Hi All! Did anyone see the Fox news segment yesterday on the use of e-collars? I've attached the link. This has been a topic of conversation on the pointing dog forum, and some of us, along with Martha Greenlee, have chosen to contact our AKC delegate & the interviewee. Christopher Walker ([email protected]) has been sending out a canned response but appears to be the point person. 

The AKC position was one-sided, negative, and factually incorrect. While e-collars can certainly be detrimental to our canine friends in the wrong hands, they can be an excellent means of communication in the field when used correctly. Within the West method, they are not used as punishment; furthermore, they can be used on vibration, tone, and are often very effective on stimulus levels barely detectable on human skin. With the AKC being the primary registry in the states, and prominent canine education/titiling organization, it is irresponsible and incorrect to imply the absence of e-collar use is commensurate with humane and positive training. 

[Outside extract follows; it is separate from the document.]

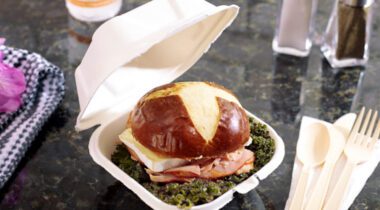 turkey sandwich on pretzel bun in opened square container on cafe tabletop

IMO, we must be a voice in protecting the integrity of the Vizsla breed & their hunting heritage. Between the HSUS & some elements of AKC, it's important that owners, breeders, & trainers of the pointing breeds to hold those who purport to care accountable for their words & actions. The e-collar is just a tool, nothing more or less, in the chest. Just like a car or gun, it is the unskilled person or their choice to use for ill that is the problem, not the tool itself. As usual, it seems as if the "do-gooders" prefer to curtail choice and freedom rather than addressing the problem. Okay, I'm off my soap box & send well wishes to all you V lovers. I have been away from the forum for a while. Blessings--



http://video.foxnews.com/v/3782913580001/humane-to-use-shock-collars-for-dog-training/#sp=show-clips


----------



## R E McCraith (Nov 24, 2011)

just a short news story that gave neither side the time to show the +&- of the E-collar - AKC point if the pup is not perfect on commands KEEP IT on A LEAD is just plain STUPID - with that point of view - the vast majority of pups would never run FREE - that is cruel 2 me !!!!!!


----------



## Chaos911 (Oct 30, 2013)

E Collars don't ruin dogs. Humans do! 
Just like guns don't kill. Humans do!


----------